There are a great many benefits to adopting the Watsonian system for your own recording purposes. Firstly unlike the administrative county boundaries, which have changed several times since their inception in 1888, the Watsonian boundaries have remained fixed since 1852. This means that you will never to have worry about for example losing a county rarity to another via the changing of a boundary. This is in stark contrast to many local bird clubs, who have chosen to follow the administrative boundaries laid down by politicians, although some including the Leicestershire and Rutland Ornithological Society have chosen VC55- "Leicestershire with Rutland" as their recording area. Moreover, by retaining ancient boundaries old and modern records can be compared easily, in order to determine the fortunes of a particular species, whether they have increased their range or numbers or declined.
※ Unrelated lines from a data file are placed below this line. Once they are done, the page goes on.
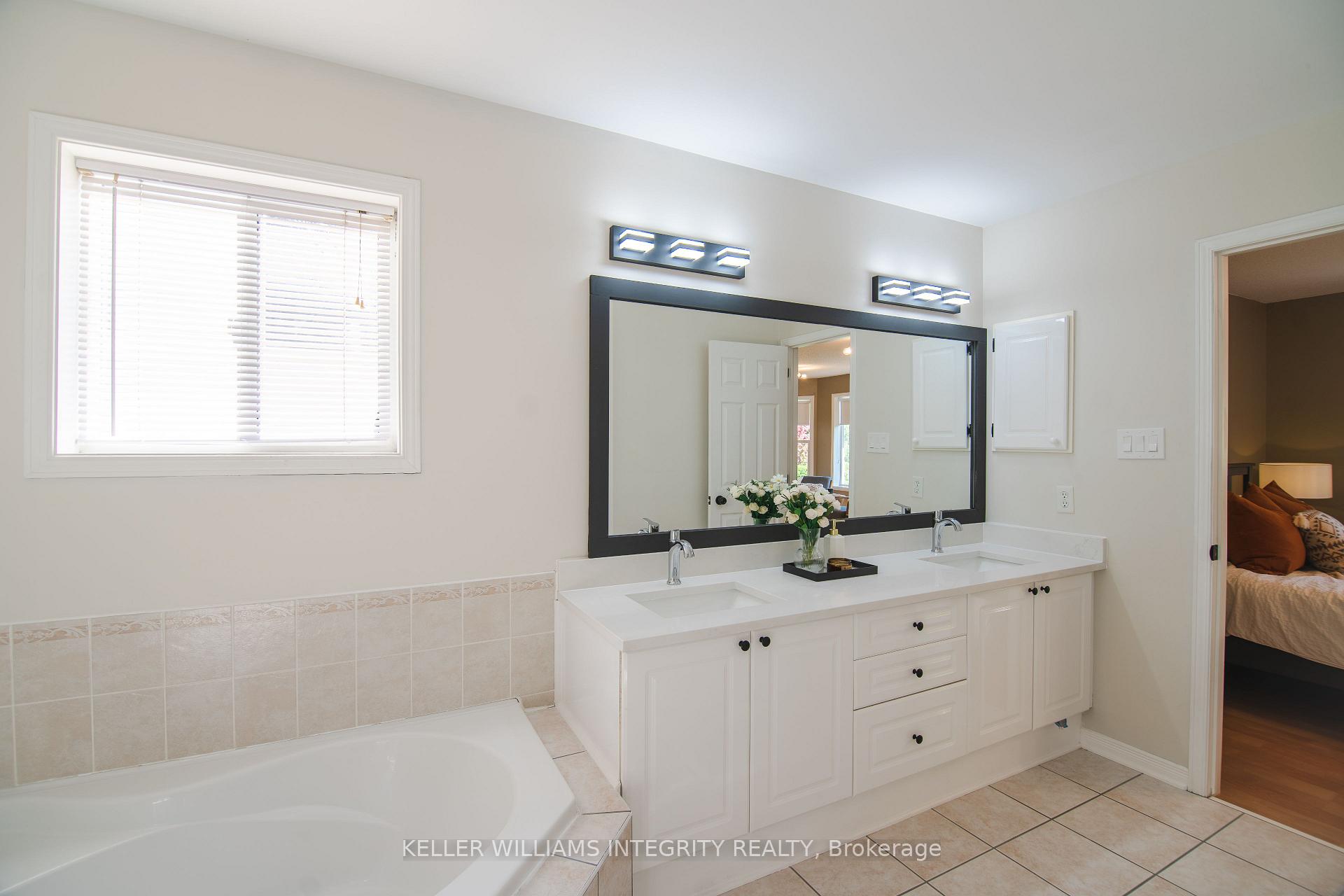 Photo 18 of 151 Insmill Crescent, Ottawa, Kanata - Kanata Lakes/Heritage Hills — HOMEH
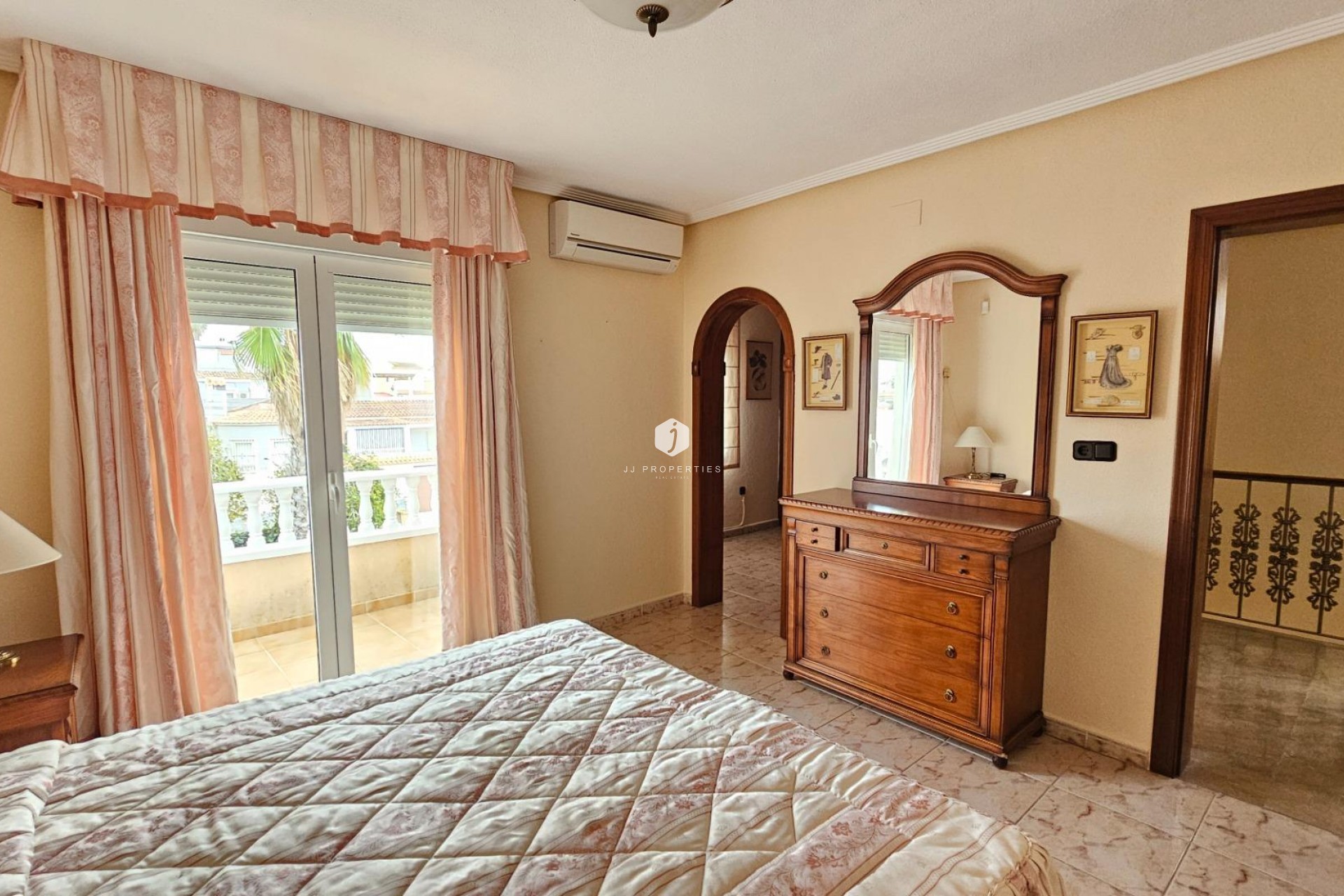 Tweedehands - Villa -
Torrevieja - El chaparral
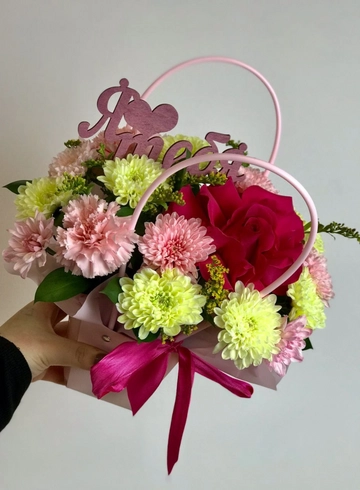 Композиция с розой «Я тебя люблю» от интернет-магазина цветов в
One particular feature of the Vice County system that I like is how the boundaries seem to run along natural features such as rivers, streams, ditches and banks. For example, I live virtually on the border of VC37- 'Worcestershire and VC38- 'Warwickshire'. A perusal of online maps shows that both the historical and Vice county boundary runs along the course of a section of the River Cole. Every time I cross over a bridge situated near Stetchford, a little part of my brain informs me that I've either crossed into Warwickshire or Worcestershire, depending on which direction I'm travelling in.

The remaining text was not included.